SAN DIEGO — Fabulous Inns of America, embroiled in yet another internal controversy, late Friday was denied a temporary restraining order to prevent the company's largest shareholder from accumulating additional stock.
As a result, Chula Vista investor Frank Ferreira, who claims to own about 30% of the Mission Valley hotel company's stock, can now purchase additional shares, if he chooses.
San Diego Superior Court Judge Douglas Woodworth refused to grant management's request that Ferreira not add to his holdings. A request for a preliminary injunction on Ferreira's ability to acquire more stock will be heard Sept. 29. The injunction is part of the company's lawsuit, filed Thursday, against Ferreira, accusing him of insider trading and of improperly trying to take control of the company.
Meanwhile, the state 4th District Court of Appeal on Friday turned down Ferreira's bid to reimpose a previous injunction that limited Fabulous Inns management's ability to spend corporate funds.
Ferreira had sought an emergency ruling to reinstate the injunction, which was lifted last month after an out-of-court settlement between current executives and an ousted management group.
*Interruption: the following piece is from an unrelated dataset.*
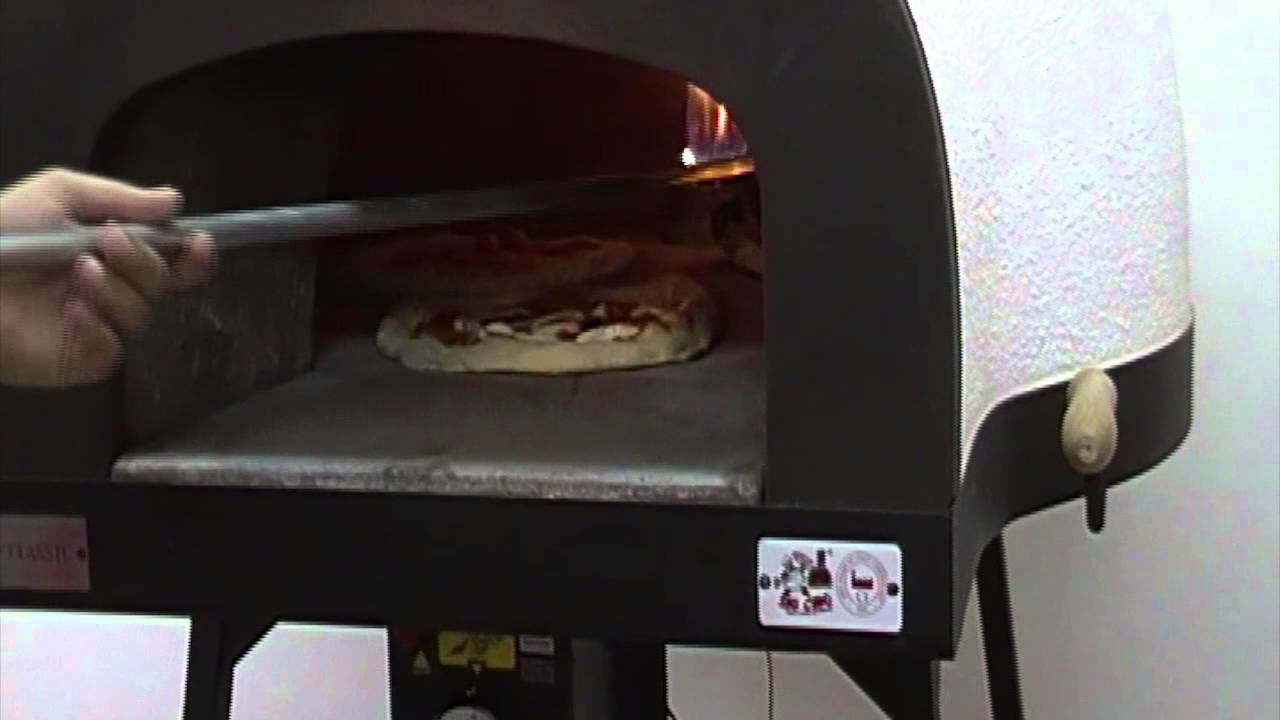 Italian pizza ovens gas Subito Cotto - Cooking 3 pizzas in the same time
Ferreira, a plaintiff with current management against the ousted group in the two-year legal tug-of-war, objected to the settlement and refused to sign it. San Diego Superior Court Judge G. Dennis Adams approved the settlement anyway, and Ferreira has taken his protest to the appellate court.
Ferreira's appeal will be heard Wednesday.
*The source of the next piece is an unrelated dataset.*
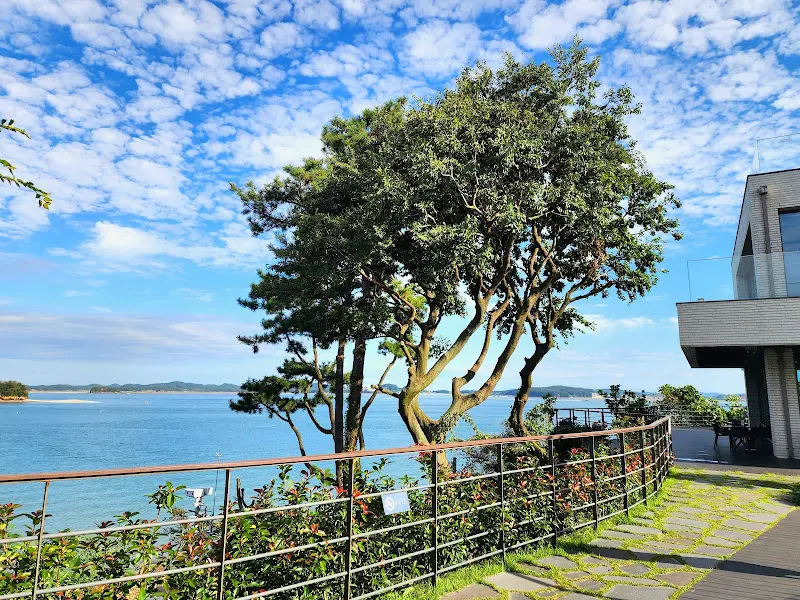 카페 외부 모습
Last month, Ferreira was incorrectly quoted by The Times as saying that the ousted group admitted in the settlement agreement to "several million dollars in damages." Only some of the ousted group admitted to the damages, according to Ferreira. The exact terms of the settlement agreement are under court-ordered seal.
Ferreira's split with current management--led by former dissidents Jeff Krinsk, now chairman, and David Yardley, now Fabulous Inns president--could well continue.
Management has accused Ferreira of buying stock "off-market" and of trying to obtain "absolute control" of the company.